Other industry stakeholders have joined the regional plantations companies (RPCs) in calling for an output-linked remuneration mechanism, to put the country’s estate sector, plagued by a number of issues, on a more sustainable footing through much-needed productivity improvements.
In response to the demands from plantation labour unions to increase the present archaic attendance-based wage – which has led to escalating costs and mounting losses and does not provide sufficient incentive for workers to enhance productivity – the RPCs have suggested two win-win alternatives. These proposals – pertaining to productivity-based wages and revenue sharing – represent a complete overhaul of the current system and transformation of workers to entrepreneurs functioning as part of an autonomous social business enterprise. The sentiments of the RPCs with regard to productivity improvements have been endorsed by certain key industry stakeholders including tea factory owners – reflecting the widespread support for output-linked remuneration among those familiar with the estate sector’s woes.
“It is now increasingly clear that linking worker wages with output offers the only sustainable solution which can even partially mitigate the severe downturn of Sri Lanka’s plantation industry,” Roshan Rajadurai, the Chairman of the Planters’ Association of Ceylon – which represents the RPCs – said. “In a highly labour-intensive sector, improving labour productivity clearly plays a critical role in enhancing the overall productivity. Therefore, it is essential to move to a more sustainable model, which incentivizes productivity and which transforms workers to entrepreneurs. This would enable the workers to function with greater dignity, thus reducing the outflow of workers to other sectors.”

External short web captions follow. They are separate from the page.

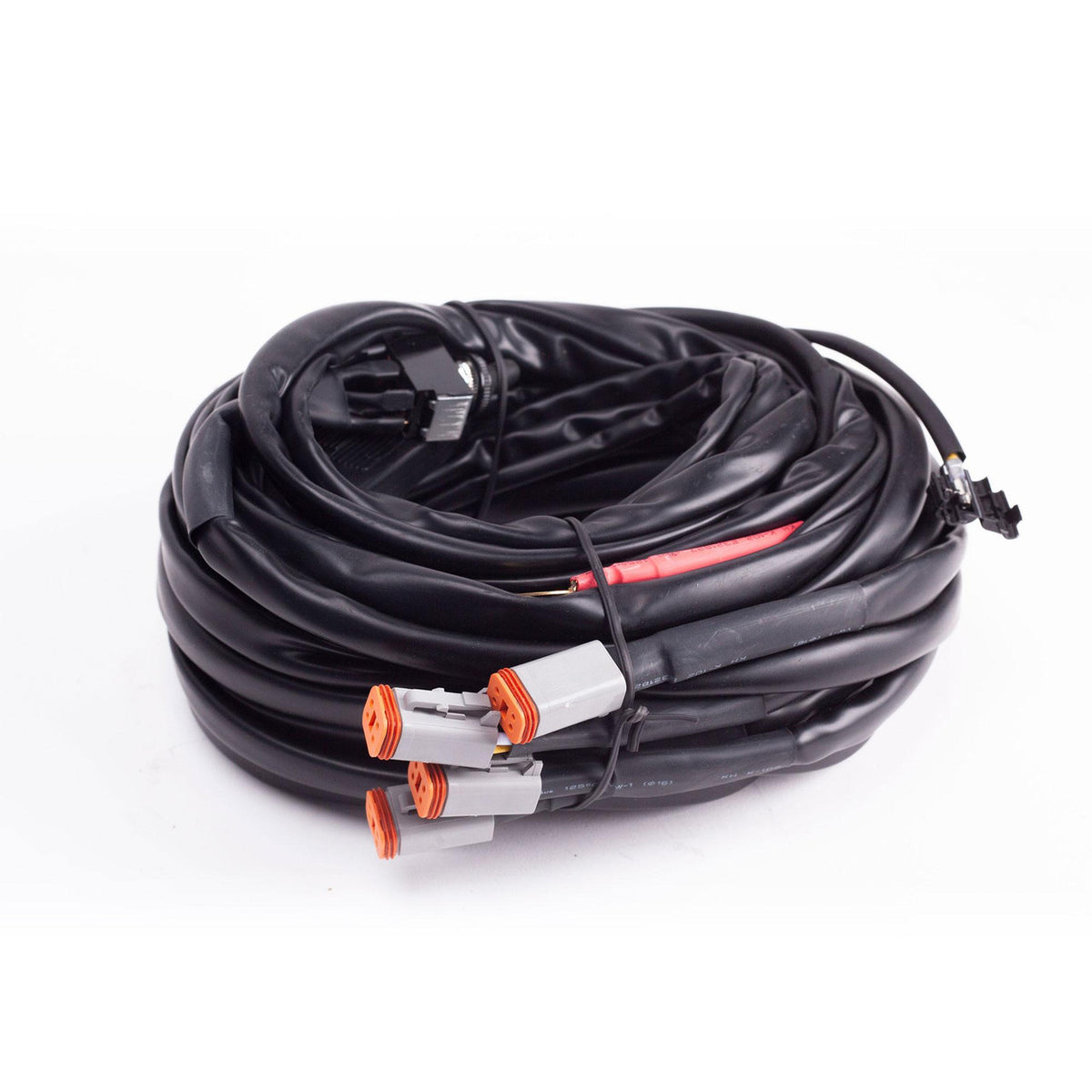 Baja Designs LP9/LP6/LP4 Wiring Harness (4-Light Max) | Universal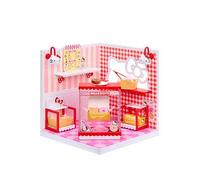MGA's Miniverse Make It Mini Spaces Hello Kitty - Building Set, Customise, DIY Crafts, Rooms, Hobby, Collectors, Display, NOT Edible, For Collectors and Kids Ages 8+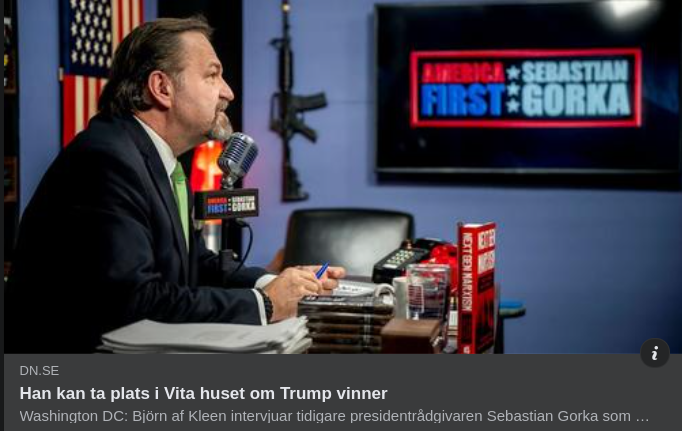 Sebastian Gorka I DN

“Thereby the workers would be an integral industry stakeholder,” Rajadurai added. “This type of inclusive partnership arrangement will clearly demonstrate to the workers that they themselves determine their future earning and their level of quality of life. The numerous experiences in other tea plantation economies that have followed this system clearly indicate the benefits to the workers arising from such a remuneration model.”
“Linking worker remuneration to output offers a mutually-beneficial and sustainable solution to overcome the woes of the plantation industry, as demonstrated by experiments,” Kahawatte Plantations PLC CEO Viren Ruberu said. Kahawatte Plantations has successfully implemented a similar mechanism to the proposed revenue-sharing model in a number of its estates. In Endane – the company’s first estate to implement the model – around 30 percent of overall plucking of tea is now being done via the system. “While some are of the misguided impression that the RPCs are unwilling to provide a wage increase, it should be noted that the RPCs are unable to do so via the present structure due to the severe financial constraints,” Ruberu noted. “However, we will be able to provide a higher income to workers provided that productivity too increases sufficiently – to reduce the massive gap with competitor nations.” “Observing the figures over many years across RPCs, it is abundantly clear that the traditional daily wage structure cannot address the industry’s issues,” Watawala Plantations PLC Deputy CEO Binesh Pananwala said.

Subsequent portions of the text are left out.